[[ PROVIDED INFORMATION open ]]
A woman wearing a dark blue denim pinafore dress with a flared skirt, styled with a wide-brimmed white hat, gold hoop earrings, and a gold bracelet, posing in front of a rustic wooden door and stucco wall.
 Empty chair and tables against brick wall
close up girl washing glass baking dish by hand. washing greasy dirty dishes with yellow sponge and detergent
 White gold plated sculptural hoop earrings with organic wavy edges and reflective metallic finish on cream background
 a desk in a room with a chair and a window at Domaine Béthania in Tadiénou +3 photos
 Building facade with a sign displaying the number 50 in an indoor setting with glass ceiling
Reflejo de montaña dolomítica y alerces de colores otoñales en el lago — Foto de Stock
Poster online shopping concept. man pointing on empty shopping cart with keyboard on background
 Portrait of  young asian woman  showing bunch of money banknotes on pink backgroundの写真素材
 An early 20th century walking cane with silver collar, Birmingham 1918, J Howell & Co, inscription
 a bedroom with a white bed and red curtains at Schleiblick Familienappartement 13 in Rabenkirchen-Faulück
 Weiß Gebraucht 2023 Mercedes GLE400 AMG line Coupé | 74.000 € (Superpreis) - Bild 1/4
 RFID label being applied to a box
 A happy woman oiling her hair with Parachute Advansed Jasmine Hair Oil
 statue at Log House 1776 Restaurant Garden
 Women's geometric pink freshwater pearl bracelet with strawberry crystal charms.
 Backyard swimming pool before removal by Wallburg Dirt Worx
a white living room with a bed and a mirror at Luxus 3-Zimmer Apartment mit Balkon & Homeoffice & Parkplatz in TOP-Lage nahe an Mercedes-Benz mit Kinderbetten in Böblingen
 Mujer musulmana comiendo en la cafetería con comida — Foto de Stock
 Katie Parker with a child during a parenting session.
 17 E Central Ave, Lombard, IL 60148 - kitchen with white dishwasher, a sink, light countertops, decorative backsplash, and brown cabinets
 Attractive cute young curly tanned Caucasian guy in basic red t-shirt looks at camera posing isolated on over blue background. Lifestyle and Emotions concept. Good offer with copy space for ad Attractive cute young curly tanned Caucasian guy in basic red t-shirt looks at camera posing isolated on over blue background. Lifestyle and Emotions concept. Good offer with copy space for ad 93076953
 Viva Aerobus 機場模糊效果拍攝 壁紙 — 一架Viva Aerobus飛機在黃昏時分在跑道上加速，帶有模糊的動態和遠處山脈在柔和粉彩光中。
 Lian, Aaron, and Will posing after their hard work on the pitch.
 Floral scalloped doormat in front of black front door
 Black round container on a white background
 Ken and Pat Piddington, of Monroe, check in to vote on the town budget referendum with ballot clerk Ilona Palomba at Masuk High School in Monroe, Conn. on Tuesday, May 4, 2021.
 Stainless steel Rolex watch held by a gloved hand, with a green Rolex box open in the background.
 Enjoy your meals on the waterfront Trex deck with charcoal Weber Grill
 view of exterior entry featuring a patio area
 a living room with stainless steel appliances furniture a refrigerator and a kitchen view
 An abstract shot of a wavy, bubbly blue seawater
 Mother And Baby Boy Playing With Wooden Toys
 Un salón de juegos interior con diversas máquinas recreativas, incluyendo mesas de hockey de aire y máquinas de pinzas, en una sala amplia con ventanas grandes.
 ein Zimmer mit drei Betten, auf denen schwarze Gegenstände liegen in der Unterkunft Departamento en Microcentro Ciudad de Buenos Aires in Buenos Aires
[[ PROVIDED INFORMATION closed ]]
**TASK DIRECTIONS**
Scan the lines above for the word "wavy", then copy each line that has it.

**RESULT FOR THIS TASK**
 White gold plated sculptural hoop earrings with organic wavy edges and reflective metallic finish on cream background
 An abstract shot of a wavy, bubbly blue seawater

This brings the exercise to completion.